It struck me yesterday reading Steve Jobs' personal note about plans for third-party apps on the iPhone that the most telling thing about the announcement was the opening five-word phrase:
Let me just say it: We want native third party applications on the iPhone, and we plan to have an SDK in developers’ hands in February.
Let me just say it. What we're starting to see here (and of course in the anti-DRM letter from earlier this year) is a pretty significant shift in Jobs' public relations strategy, in that he seems to have recognized that there are limits to secrecy. Yes, some developments are best kept under wraps for as long as possible -- like the iPhone or the Intel switch -- contrary to all the principles of Web 2.0 openness and transparency. But with other decisions, you're sometimes much better off going public early, and exposing some of your thought process when you do. I had been thinking about posting something over the past week or two about the iPhone SDK issue, arguing that if Apple indeed was planning on opening up the platform sometime in the nearish future, there was absolutely no reason not to announce those plans -- unlike release specs for, say, the iPhone, keeping the SDK plans secret wasn't a competitive advantage in any sense, and it was bringing on a ton of ill will from people who would otherwise be iPhone fanatics.

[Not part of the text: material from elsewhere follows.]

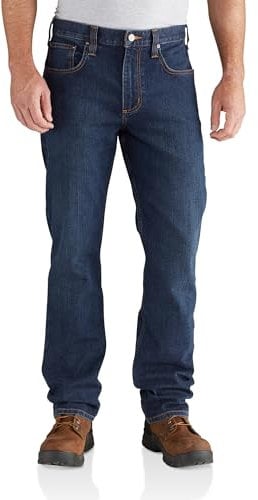 Carhartt, Hombre, Vaquero Con 5 Bolsillos, Ajuste Ligeramente Holgado, Tecnología Rugged Flex®, Azul Superior, W32 / L30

But as it turns out, I didn't need to write that post, because Jobs decided to go public with Apple's plans, even if they weren't fully-formed. That suggests to me that he's still evolving as a CEO and as a PR wizard, still capable of adapting to new situations -- yet another reason for Apple's competitors to be nervous.
Here's my big question, though: I wonder whether Apple had the SDK as part of its plans all along, and merely changed its mind about whether to go public with it in response to the criticism -- or were they truly debating the merits of opening up the platform, and thus reluctant to say anything until they were 100% sure of their plans?